When you copy the records, keep every word exact and leave the pictures out.

---------- Data for review ----------

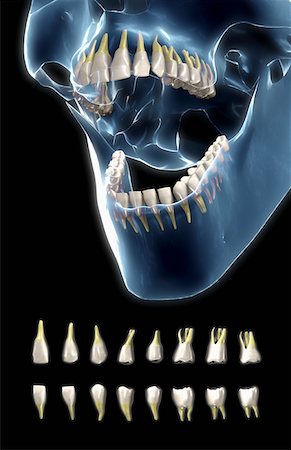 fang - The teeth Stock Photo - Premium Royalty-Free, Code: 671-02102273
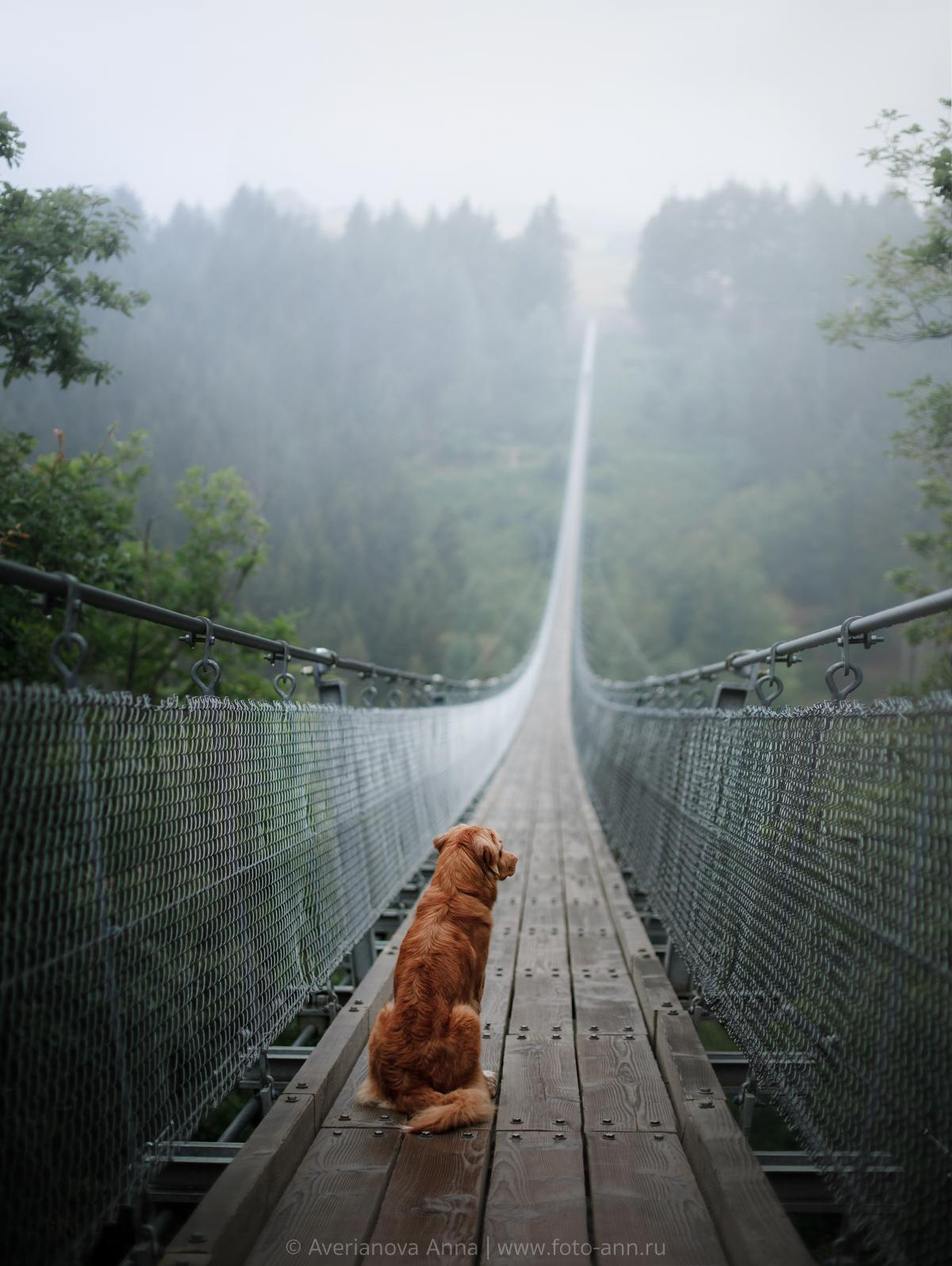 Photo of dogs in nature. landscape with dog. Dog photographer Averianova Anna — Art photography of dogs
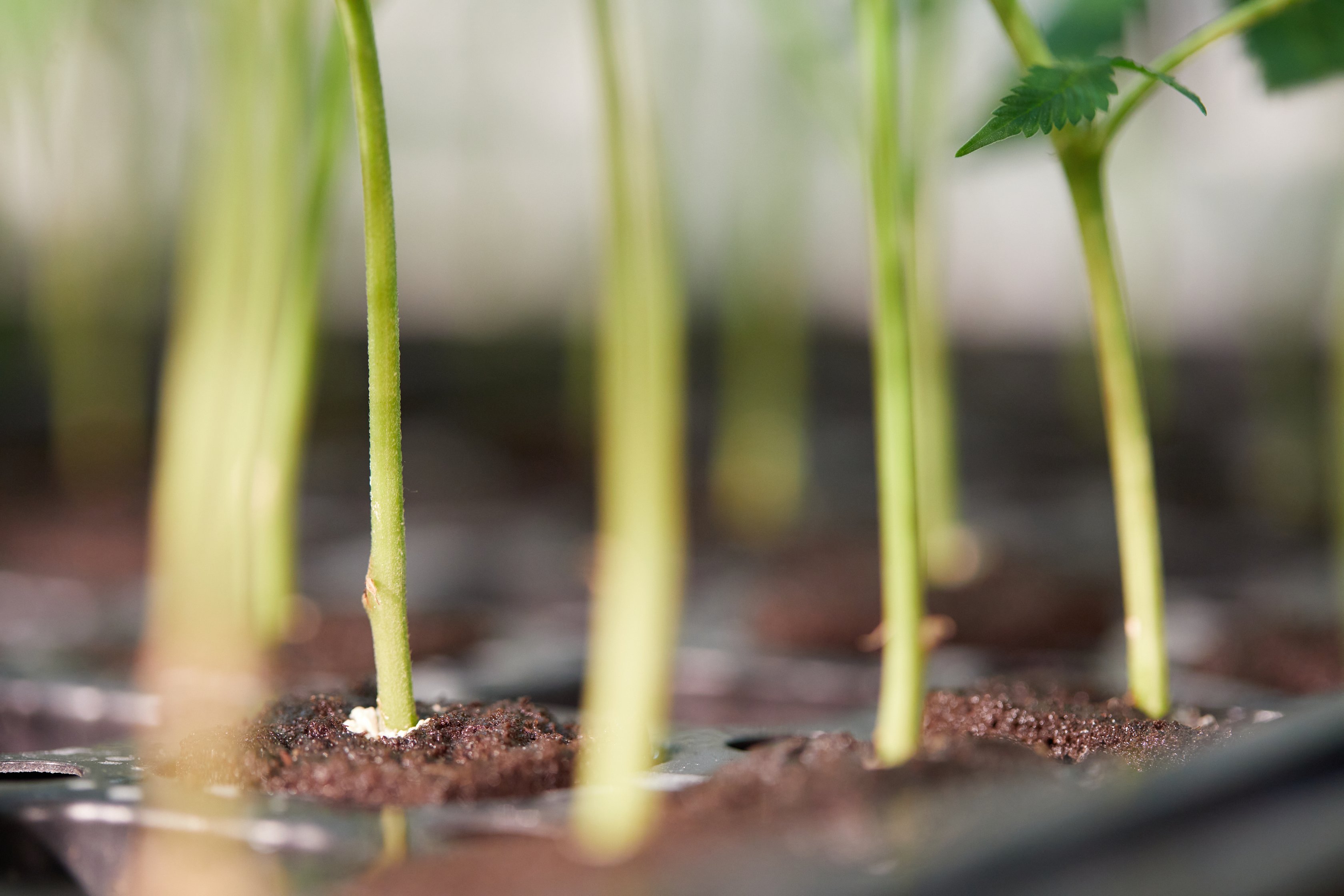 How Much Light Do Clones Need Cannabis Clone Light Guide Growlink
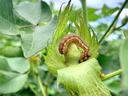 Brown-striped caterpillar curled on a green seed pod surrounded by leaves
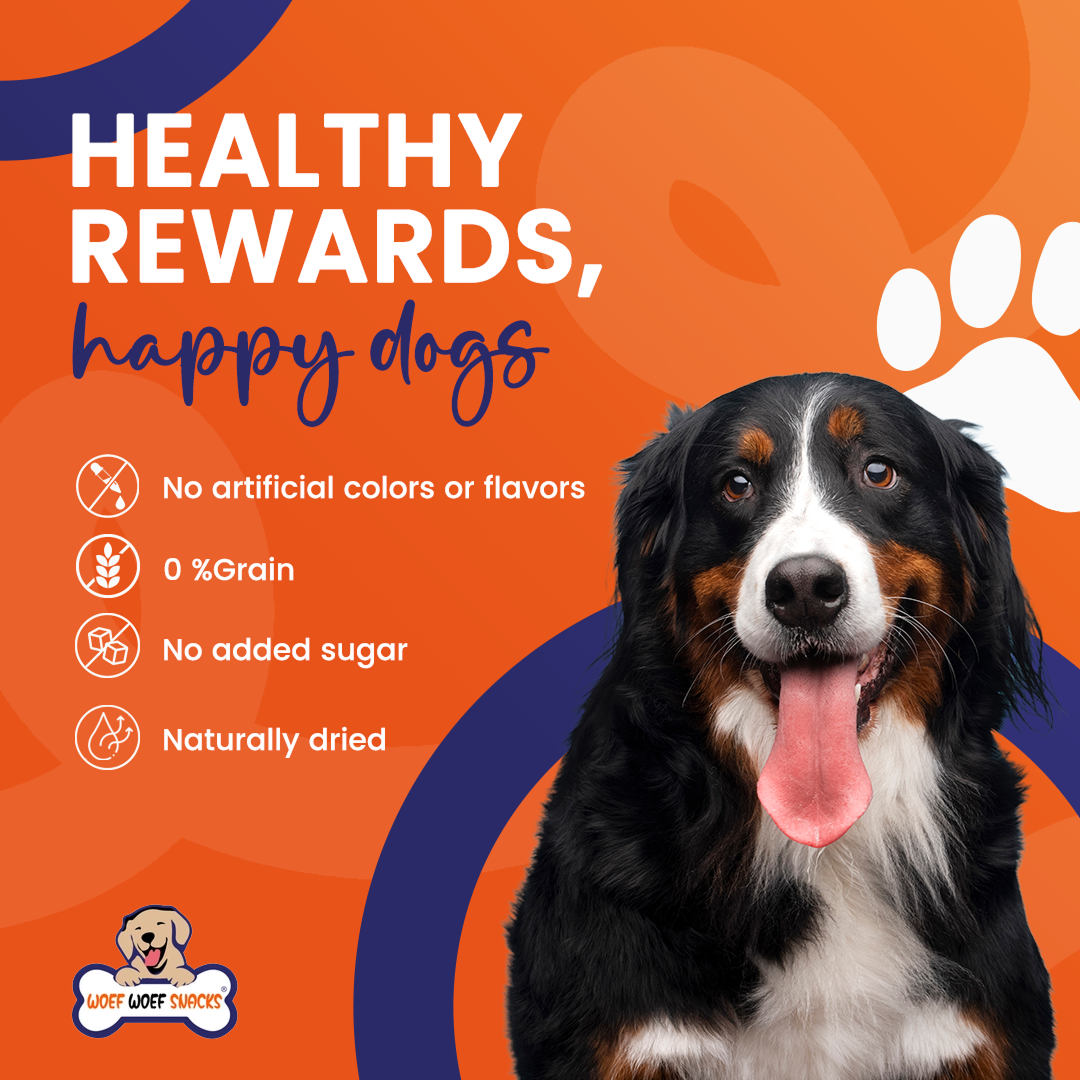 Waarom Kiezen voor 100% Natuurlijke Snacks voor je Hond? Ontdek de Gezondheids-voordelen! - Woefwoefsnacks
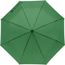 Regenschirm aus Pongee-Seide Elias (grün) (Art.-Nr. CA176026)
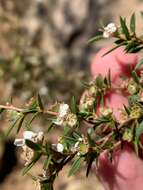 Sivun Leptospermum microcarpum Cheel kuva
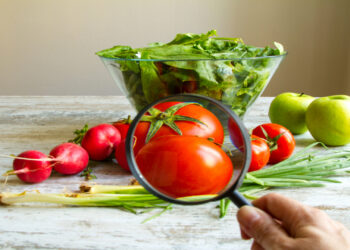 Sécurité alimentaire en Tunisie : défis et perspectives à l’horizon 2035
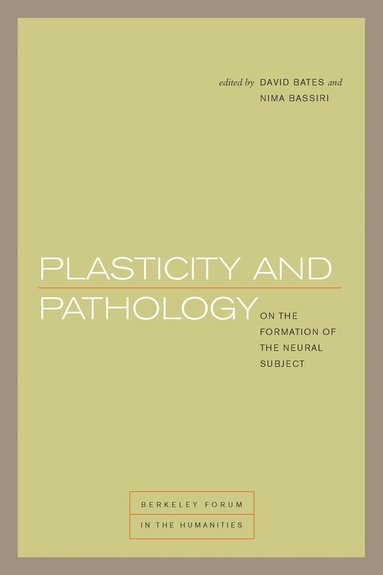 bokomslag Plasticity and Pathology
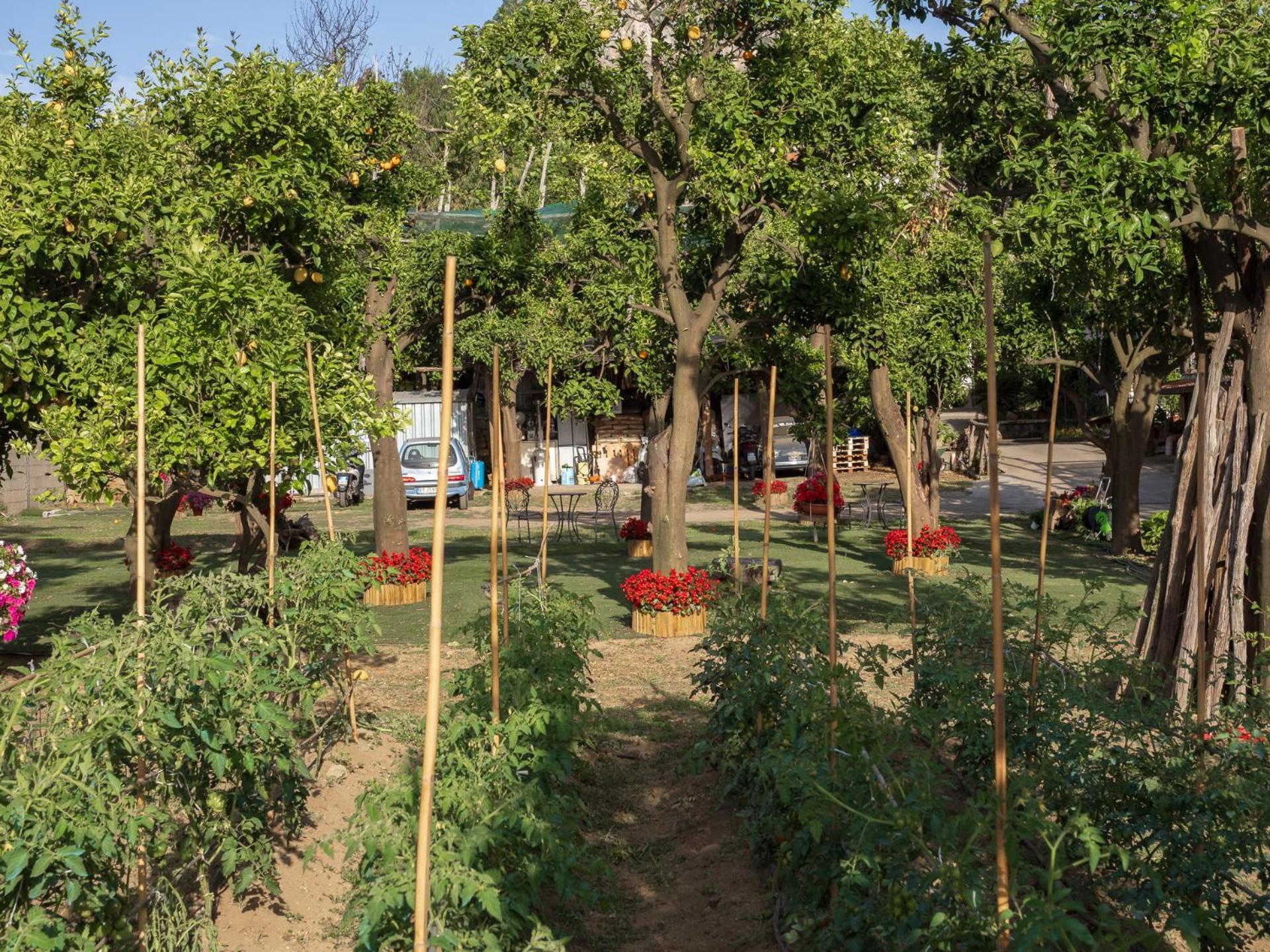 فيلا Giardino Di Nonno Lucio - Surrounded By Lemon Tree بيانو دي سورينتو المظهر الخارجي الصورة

----------

[Answer]
 fang - The teeth Stock Photo - Premium Royalty-Free, Code: 671-02102273
 Photo of dogs in nature. landscape with dog. Dog photographer Averianova Anna — Art photography of dogs
 How Much Light Do Clones Need Cannabis Clone Light Guide Growlink
 Brown-striped caterpillar curled on a green seed pod surrounded by leaves
 Waarom Kiezen voor 100% Natuurlijke Snacks voor je Hond? Ontdek de Gezondheids-voordelen! - Woefwoefsnacks
 Regenschirm aus Pongee-Seide Elias (grün) (Art.-Nr. CA176026)
 Sivun Leptospermum microcarpum Cheel kuva
 Sécurité alimentaire en Tunisie : défis et perspectives à l’horizon 2035
 bokomslag Plasticity and Pathology
 فيلا Giardino Di Nonno Lucio - Surrounded By Lemon Tree بيانو دي سورينتو المظهر الخارجي الصورة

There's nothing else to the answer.